Mountain and Moorland Advice

Our uplands provide many benefits: supporting wildlife, reducing greenhouse gas emissions, storing water and reducing downstream flood risks, providing a cleaner water supply, and supporting much of our sporting management.

Peatland restoration

The Scottish Government is funding a major programme of peatland restoration and in the National Park there is dedicated support for making applications.

Three of the main ways this can happen are through a combination of ditch blocking, repairing bare peat and removing trees. You can see some of this in action at other sites in the UK by looking at some of the case studies in the  peatland programme


     Useful peatland restoration links and resources:

     Sustainable uplands project

     Scotland's National Peatland Plan


     For more information contact Stephen Corcoran

Heather management

Muirburn is an important management tool when carried out properly by skilled practitioners in the right conditions in the appropriate area. Scrub and native woodland adjoining moorland can add to the diversity of habitats and make a significant contribution to the biodiversity of the uplands.

The heather trust

The moorland forum

The muirburn code

Out of season muirburn licensing 


Heather PDF


Deer management

All deer are wild species and only become someone’s property when they are captured or killed by persons entitled by law to do so – usually the owners of the land on which they are present.

Landowners however also have a responsibility for the welfare of deer and their natural habitat. This involves management of deer numbers, mainly by regular culling, to ensure that there is sufficient grazing for the herd and other animals, without causing damage.

The arrangements for deer management in Scotland reflect the fact that deer can freely cross boundaries between estates, farms, forests and landholdings. For red deer in particular a collaborative approach to deer management has developed with the formation of Deer Management Groups (DMGs), of which there are now more than 70 in Scotland. DMGs mostly cover the Scottish Highlands, but are now becoming established in other areas where there are large commercial forests. The same collaborative approach is also emerging for the management of roe, sika and fallow deer in lowland areas to prevent damage to land and reduce the risk of road traffic accidents.
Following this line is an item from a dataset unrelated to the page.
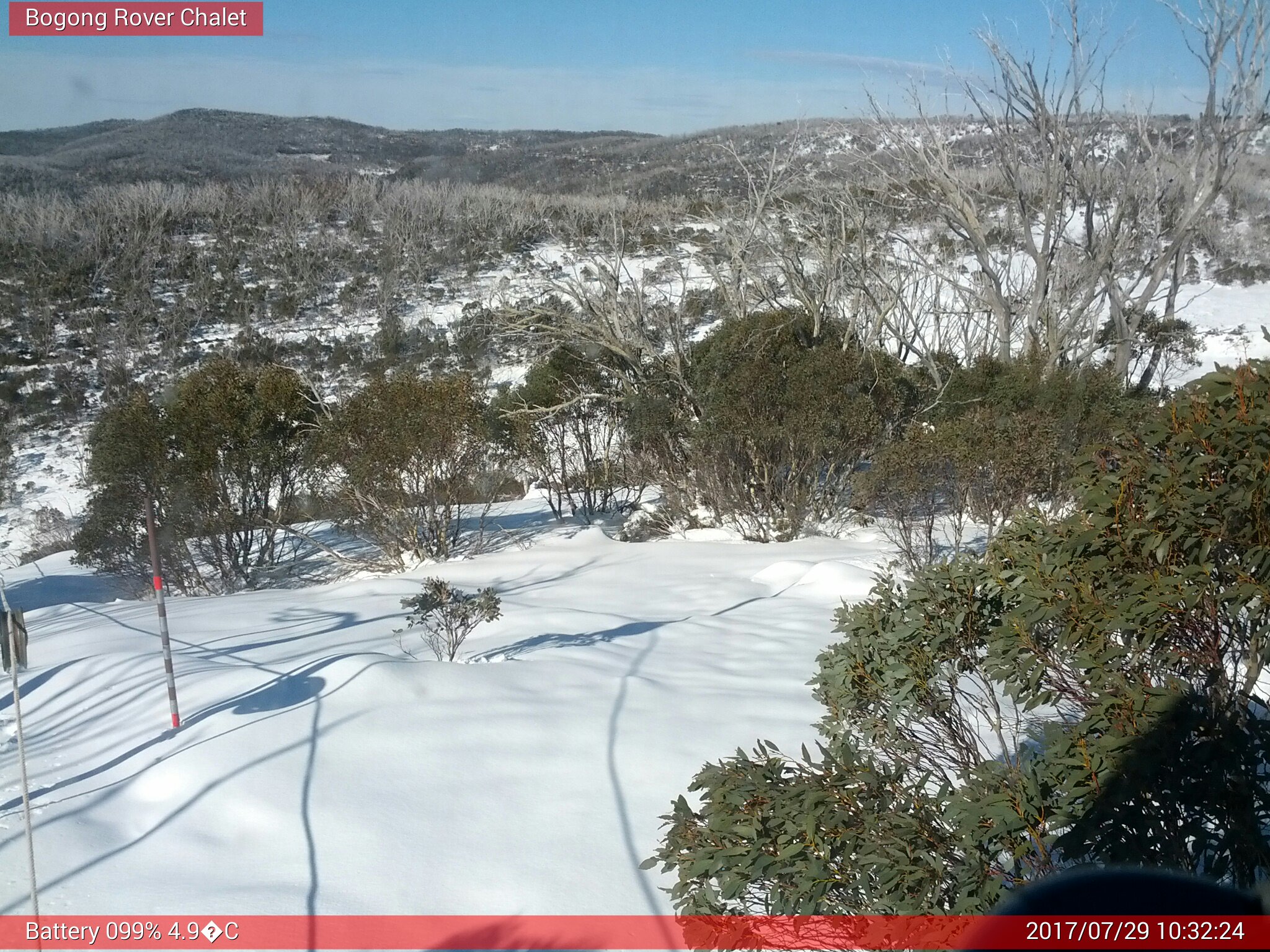 Bogong Web Cam 10:32am Saturday 29th of July 2017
DMGS, which are voluntary, cover areas where there are distinct herds of deer and may range in size from 20,000 to 200,000 hectares. They can include as few as 3 or as many as 30 different landholdings. Groups are often subdivided into sub-groups for practical purposes.


Estate Activities

The estates or landholdings within each DMG area are individual rural businesses, providing employment often in remote communities. Estates are often involved in many other activities as well as deer management – for example farming, forestry, fishing, shooting, and the provision of tourist accommodation and other facilities. Many are privately owned, while others are in public or community ownership.
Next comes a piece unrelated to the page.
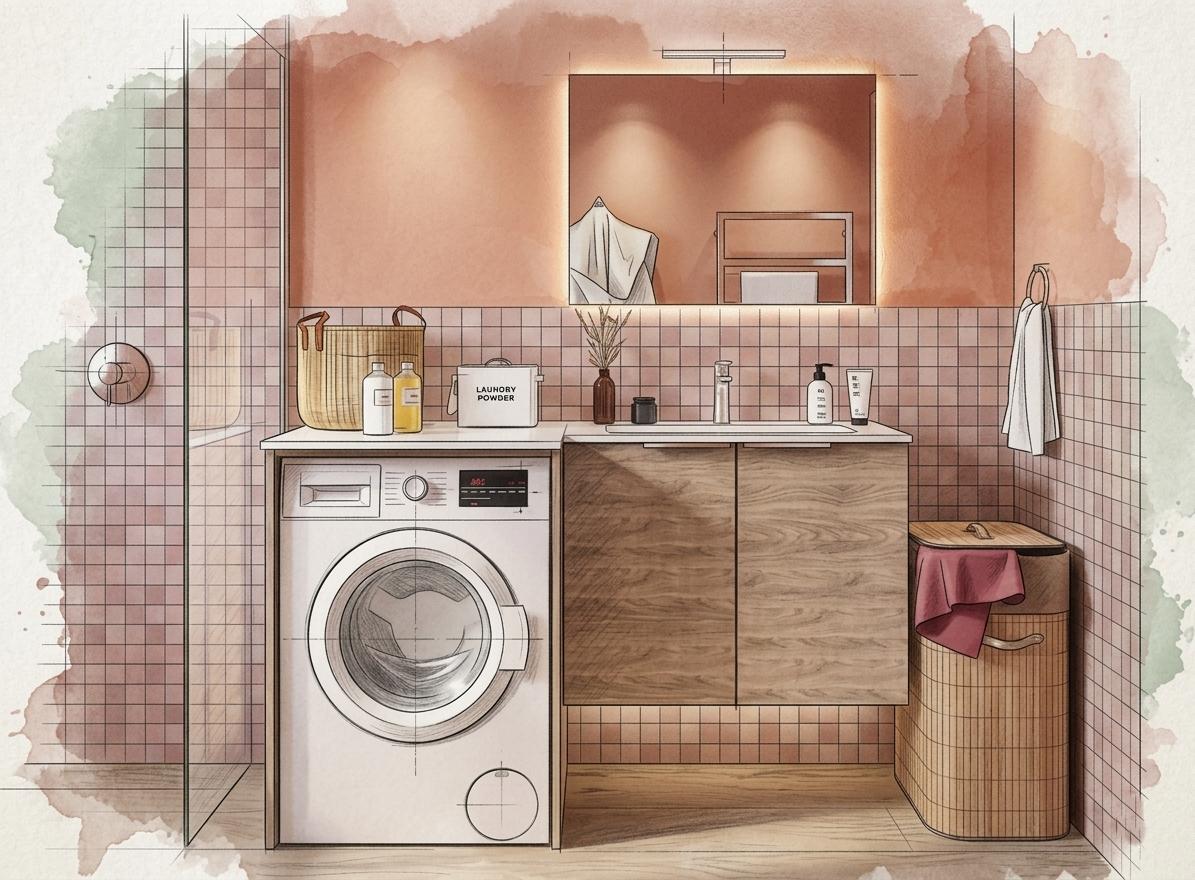 Salle de bain sur mesure avec buanderie intégrée – agencement bois et teintes poudrées, Aix-les-Bains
Estates are often owned for enjoyment, for the satisfaction of development and improvement; also for the provision of recreation and sporting activities such as fishing, shooting and deer stalking. An increasing number of estates have been purchased by membership organisations including The National Trust for Scotland, The Royal Society for the Protection of Birds.  The principal land ownership objectives of these bodies may be different from those of traditional deer management – for example, the regeneration of the Caledonian Pine Forest, or the management of wildlife or special natural heritage features. Habitat regeneration is also the primary objective for an increasing number of private estates.
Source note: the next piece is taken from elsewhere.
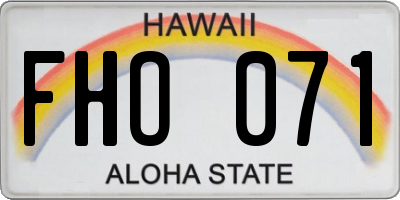 HI license plate FHO071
Where potentially conflicting land uses occur on neighbouring properties there is a role for deer management groups in assisting in the negotiation of shared deer management policies that meet the reasonable requirements of all members through a process of compromise.



In all cases where deer are present, management by culling is necessary. This is undertaken by professional wildlife managers, traditionally known as ‘stalkers’, who have unmatched experience in working with wildlife in Scotland, and a close knowledge of deer in particular.

The culling of deer involves the selection of older or unhealthy animals that are shot humanely with a high velocity rifle. Culling policy is agreed by deer management groups and allocated among their members on the basis of a regular coordinated count by the group, or on advice from SNH.


Value to the Scottish Rural Economy

Some rural land uses in Scotland are subsidised, but deer management is not. The main costs relating to the employment of professional stalkers are usually met by the letting of stalking to visiting sportsmen, and from the sale of venison. Deer stalking as an established form of tourism also brings substantial benefits to rural communities, in the form of income for hotels, guest houses, shops, game dealers and other local businesses.

In addition, non-tourism related deer management expenditure, for example on fencing and the supply of specialist equipment generates significant economic activity.

In 2006 ADMG commissioned a consultancy study by Public and Corporate Economic Consultants (PACEC) titled The Contribution of Deer Management to the Scottish Economy. This was a supplementary study to a UK-wide study into shooting sports as a whole by the same consultancy. The key findings were as follows:

Total cost of all deer management in Scotland amounted to £105m in 2005. Two-thirds of this spend is retained in Scotland.
Deer management in Scotland supports the equivalent of 2520 paid full time jobs in the country. The value of this employment for the Scottish economy is £70.4m.
The average operational expenditure on deer management per land holding was £54,468 per annum of which 47% was spent on staff.